I casi di virus Marburg segnalati in Ruanda fino al 24 ottobre hanno raggiunto un totale di 64, inclusi 15 decessi (tasso di mortalità 23,4%). Sono i numeri contenuti nell'aggiornamento diffuso dall'Organizzazione mondiale della sanità (Oms).
Tra i 62 contagi con dati disponibili, il 70% sono maschi e il 48% hanno un'età compresa tra 30 e 39 anni. Il numero più elevato di casi confermati si è concentrato nelle prime 2 settimane dell'epidemia dal 23 settembre al 6 ottobre (con 26 e poi altri 23 casi segnalati). È poi seguito un forte calo nelle settimane successive, con rispettivamente 12 e un caso segnalati. Infine le ultime infezioni censite.

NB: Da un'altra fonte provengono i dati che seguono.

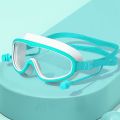 Glasses beach girl boy swimming earplug frame kids big swimming goggles with kids anti fog glasses pool. 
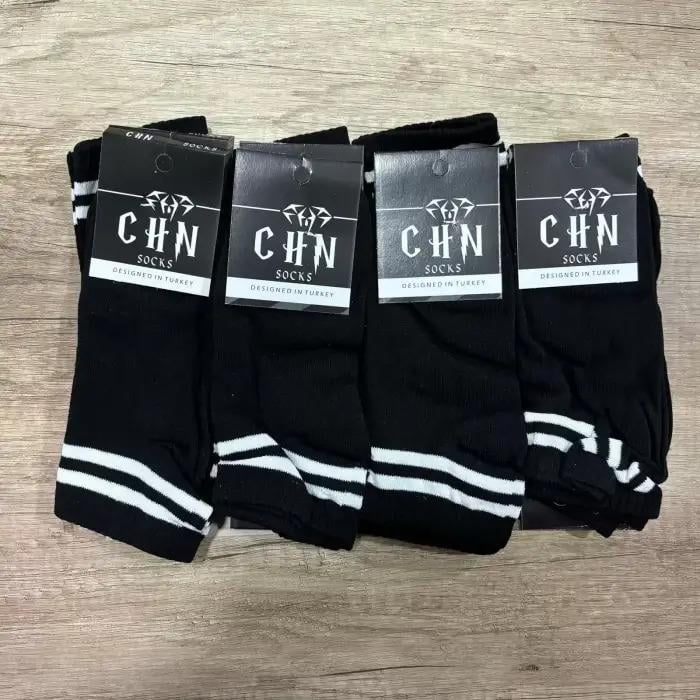 Chn Erkek Patik Çorap 12'li Paket Siyah Beyaz (EÇ01-18)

Intanto, informa l'agenzia Onu per la salute, il tracciamento dei contatti continua, con 1.146 persone in fase di follow-up al 20 ottobre 2024.
Sulla base degli aggiornamenti disponibili dall'indagine sull'epidemia, è emerso che il caso 'indice', il primo individuato, è un uomo di età compresa tra 20 e 30 anni con una storia di esposizione a pipistrelli in una grotta. I 2 ultimi casi invece sono stati confermati in laboratorio il 23 e 24 ottobre. Si tratta di un operatore sanitario che aveva curato casi di malattia da virus Marburg dall'inizio dell'epidemia e di un caso che invece è collegato al sito in cui è stato esposto il caso indice. Entrambi i pazienti sono attualmente in isolamento e stanno ricevendo cure.